BMO building new 'urban campus' at corner of Yonge and Dundas
The Bank of Montreal is building a new 346,000 square foot “urban campus” at the southwest corner of Yonge and Dundas streets.
The four-story building will be located above an existing Nordstrom at the former home of a Sears department store that closed in 2014.
Once completed, the bank says the building will be home to 3,500 employees.
It will feature “advanced digital technology, natural light through a four-storey atrium and collaborative workspaces,” according to BMO.
“It is new progressive workplace right here in the heart of Canada’s most iconic commercial space,” BMO Financial Group CEO Darryl White said in announcing the new campus on Thursday morning. “What we are building here is central to the business transformation already underway at BMO.”
White described the intersection of Yonge and Dundas streets as “the heartbeat of Toronto” and said it was important to the bank to be a part of the action.

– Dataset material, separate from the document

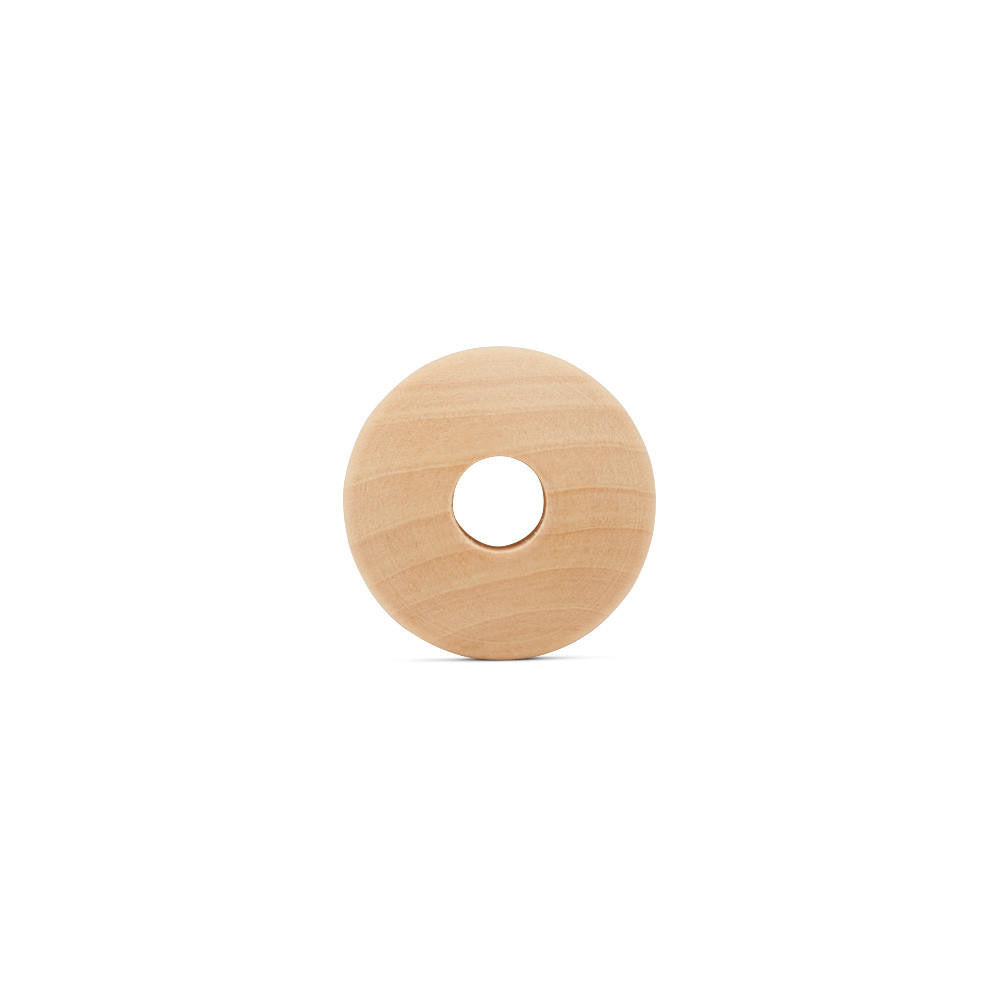 Woodpeckers Crafts Wood Disc Bead, 1¼ ”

He said that campus will feature large open spaces where BMO employees will be able to “create together and to design together.” He said that the campus will also be connected to the Financial District through the PATH as well as mass transit; something that he said will help make it “a place where people want to work.”

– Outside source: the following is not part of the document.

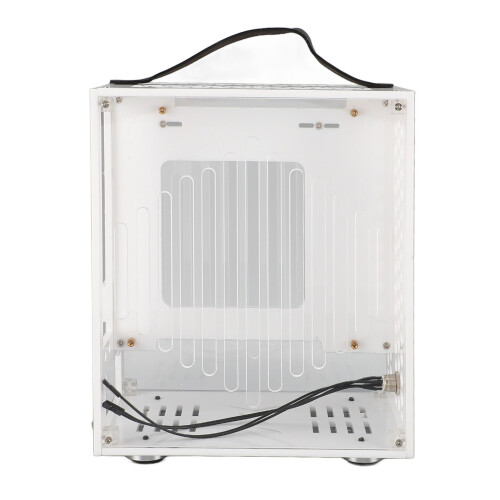 23x20.5x12cm Miniature ITX PC Case Clear Arcylic 2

BMO has not said how much it plans to spend on retrofitting the space but White called it a “meaningful investment.”
“There is nothing else like it in the downtown core,” he said.

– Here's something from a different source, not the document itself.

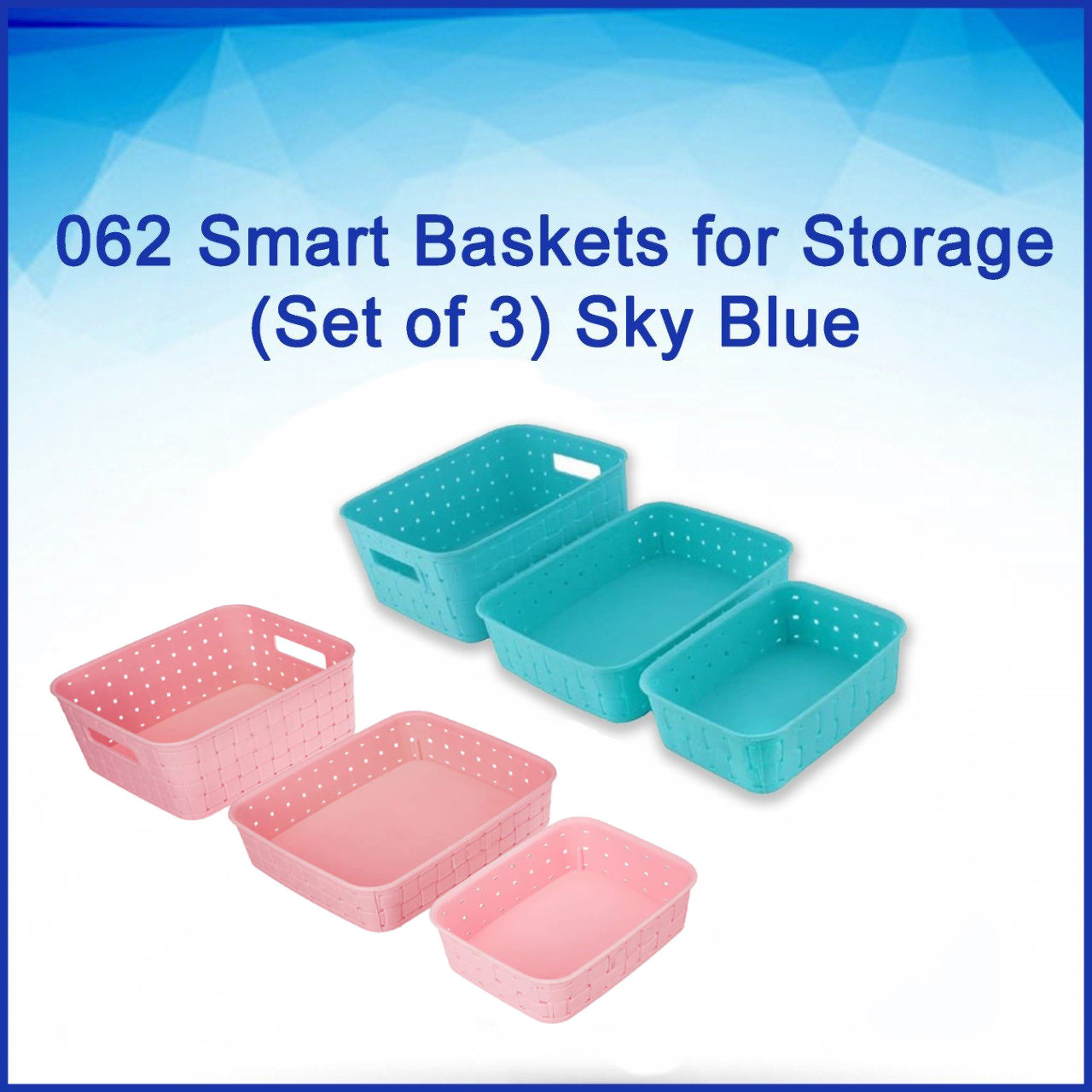 Smart Baskets for Storage(Set of 3)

Campus to be completed by 2021
The campus is expected to be completed by 2021 and will complement BMO’s existing headquarters at First Canadian Place, where the bank recently extended its lease by another 15 years.
The 3,500 employees who will work at the campus will be coming from existing BMO locations.
“I am very gratified that this bank at this time has decided not only to invest in Toronto but in downtown Toronto, where it is really important that we continue to locate jobs,” Mayor John Tory said during Thursday’s announcement. “There is no problem attracting people to live in downtown Toronto, in fact it is something we are having trouble keeping up with, but it is also more desirable in terms of the kind of city we are trying to build to have people work close to where they live. The more jobs we can have created close to where all these people are living the better for keeping the city alive.”